Data excerpts:

====

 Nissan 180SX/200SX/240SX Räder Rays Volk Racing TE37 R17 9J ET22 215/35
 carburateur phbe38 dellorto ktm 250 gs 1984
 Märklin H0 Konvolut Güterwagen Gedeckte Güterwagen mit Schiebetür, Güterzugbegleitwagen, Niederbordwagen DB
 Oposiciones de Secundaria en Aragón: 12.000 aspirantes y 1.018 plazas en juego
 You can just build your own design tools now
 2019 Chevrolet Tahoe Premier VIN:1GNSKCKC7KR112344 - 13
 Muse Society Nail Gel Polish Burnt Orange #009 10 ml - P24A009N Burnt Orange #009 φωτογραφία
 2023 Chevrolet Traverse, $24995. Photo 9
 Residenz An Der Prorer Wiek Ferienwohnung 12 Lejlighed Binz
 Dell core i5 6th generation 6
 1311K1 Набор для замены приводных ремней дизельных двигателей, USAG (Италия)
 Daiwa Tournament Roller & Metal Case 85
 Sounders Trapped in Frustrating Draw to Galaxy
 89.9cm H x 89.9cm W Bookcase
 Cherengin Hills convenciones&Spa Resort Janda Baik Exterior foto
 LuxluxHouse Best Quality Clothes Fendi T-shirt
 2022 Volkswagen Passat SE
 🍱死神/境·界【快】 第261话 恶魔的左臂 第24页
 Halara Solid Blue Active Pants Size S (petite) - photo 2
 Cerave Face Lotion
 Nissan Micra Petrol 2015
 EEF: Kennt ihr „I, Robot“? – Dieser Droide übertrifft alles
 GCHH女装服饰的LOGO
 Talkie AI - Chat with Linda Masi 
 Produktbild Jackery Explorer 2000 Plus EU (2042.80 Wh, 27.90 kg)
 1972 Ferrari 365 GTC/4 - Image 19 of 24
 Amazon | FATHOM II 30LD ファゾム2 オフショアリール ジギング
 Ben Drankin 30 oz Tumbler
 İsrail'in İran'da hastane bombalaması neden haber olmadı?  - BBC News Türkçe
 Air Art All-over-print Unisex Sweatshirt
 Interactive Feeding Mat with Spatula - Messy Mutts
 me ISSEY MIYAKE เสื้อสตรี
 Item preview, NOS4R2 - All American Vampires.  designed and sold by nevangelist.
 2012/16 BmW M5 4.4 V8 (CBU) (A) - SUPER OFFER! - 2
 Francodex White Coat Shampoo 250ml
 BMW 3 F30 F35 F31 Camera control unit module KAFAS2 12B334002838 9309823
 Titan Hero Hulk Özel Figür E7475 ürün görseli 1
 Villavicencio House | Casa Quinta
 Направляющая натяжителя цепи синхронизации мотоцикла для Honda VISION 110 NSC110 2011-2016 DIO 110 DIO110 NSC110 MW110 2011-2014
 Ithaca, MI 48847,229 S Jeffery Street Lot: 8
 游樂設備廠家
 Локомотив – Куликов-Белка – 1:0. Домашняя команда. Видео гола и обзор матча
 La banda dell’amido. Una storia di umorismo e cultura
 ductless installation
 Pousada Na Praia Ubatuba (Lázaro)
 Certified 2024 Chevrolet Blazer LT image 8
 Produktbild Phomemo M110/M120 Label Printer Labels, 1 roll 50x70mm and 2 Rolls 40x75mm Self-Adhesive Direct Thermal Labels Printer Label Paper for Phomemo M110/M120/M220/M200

====

Exercise requirements
Tally the lines above that include "Chevrolet", and reply with only the tally.

Task response
3